> [Description of the task]
Below are records; the lines starting at the one with "İ̇ngiltere’de Yaşayan Türk" and ending at the one with "Targus corporate traveler" must be reproduced exactly, both included. Pictures must not appear.
(Records)
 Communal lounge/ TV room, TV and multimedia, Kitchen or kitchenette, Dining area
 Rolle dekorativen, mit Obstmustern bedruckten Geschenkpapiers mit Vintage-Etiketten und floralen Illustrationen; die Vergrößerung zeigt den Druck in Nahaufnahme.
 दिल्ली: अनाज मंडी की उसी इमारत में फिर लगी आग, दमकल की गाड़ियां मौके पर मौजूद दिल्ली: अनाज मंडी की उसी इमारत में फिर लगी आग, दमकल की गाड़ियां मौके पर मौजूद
(End Records)
(Records)
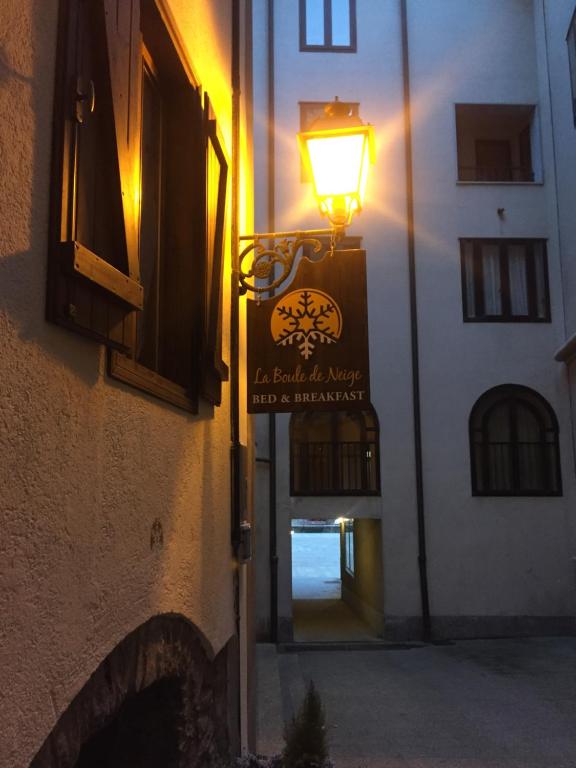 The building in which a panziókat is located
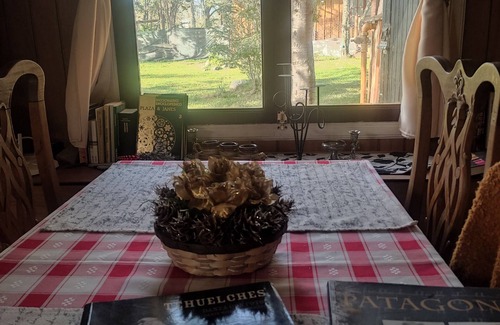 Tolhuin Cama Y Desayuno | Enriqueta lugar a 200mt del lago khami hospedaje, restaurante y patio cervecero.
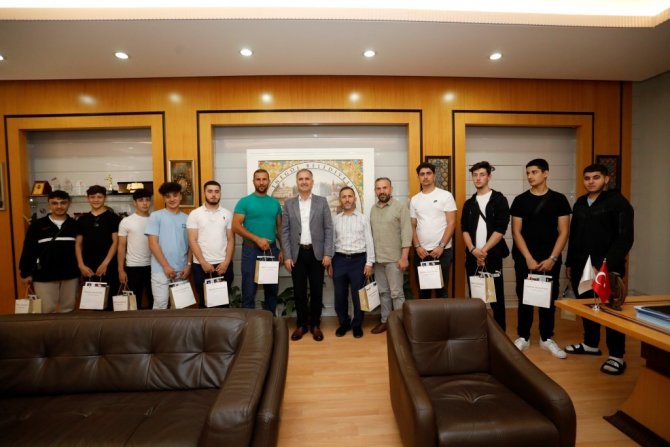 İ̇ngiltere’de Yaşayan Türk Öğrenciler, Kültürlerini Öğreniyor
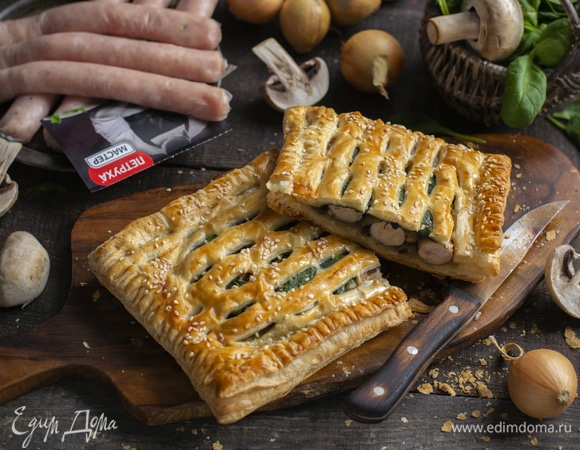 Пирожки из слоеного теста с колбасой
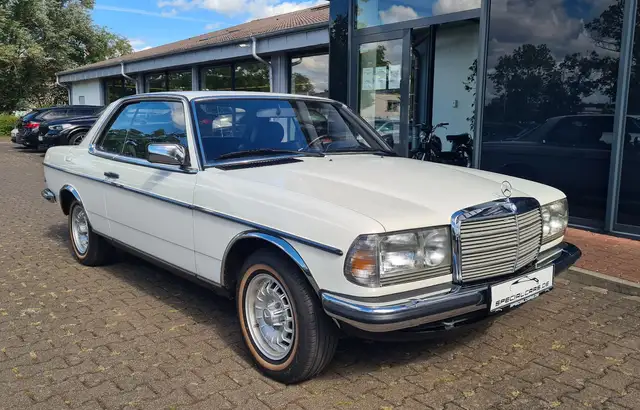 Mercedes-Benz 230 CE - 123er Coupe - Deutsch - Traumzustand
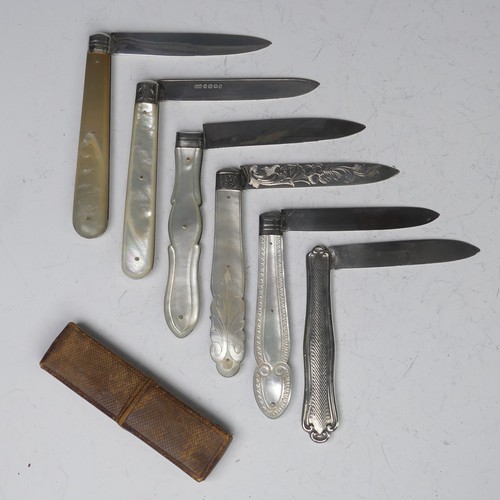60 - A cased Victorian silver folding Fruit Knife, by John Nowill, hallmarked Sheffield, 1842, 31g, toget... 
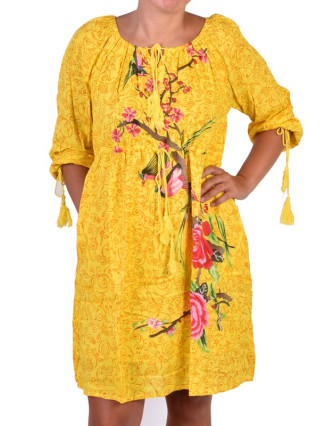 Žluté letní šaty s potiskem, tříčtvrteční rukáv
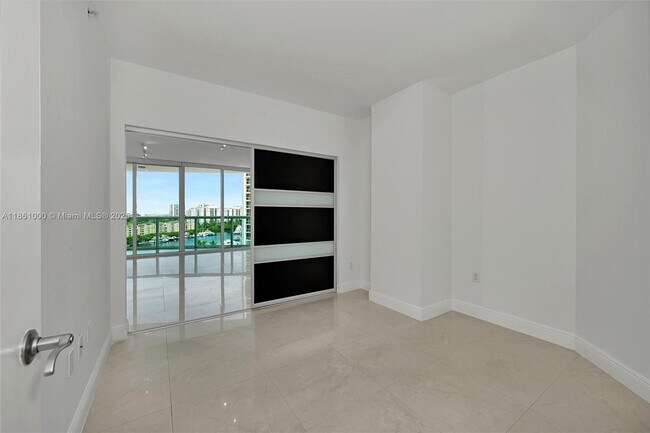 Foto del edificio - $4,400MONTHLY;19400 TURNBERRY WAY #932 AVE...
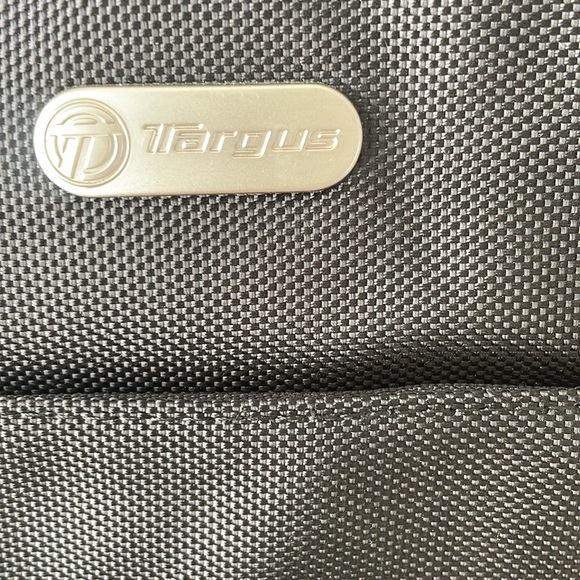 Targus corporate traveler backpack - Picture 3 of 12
(End Records)
> [Exercise response]
 İ̇ngiltere’de Yaşayan Türk Öğrenciler, Kültürlerini Öğreniyor
 Пирожки из слоеного теста с колбасой
 Mercedes-Benz 230 CE - 123er Coupe - Deutsch - Traumzustand
60 - A cased Victorian silver folding Fruit Knife, by John Nowill, hallmarked Sheffield, 1842, 31g, toget... 
 Žluté letní šaty s potiskem, tříčtvrteční rukáv
 Foto del edificio - $4,400MONTHLY;19400 TURNBERRY WAY #932 AVE...
 Targus corporate traveler backpack - Picture 3 of 12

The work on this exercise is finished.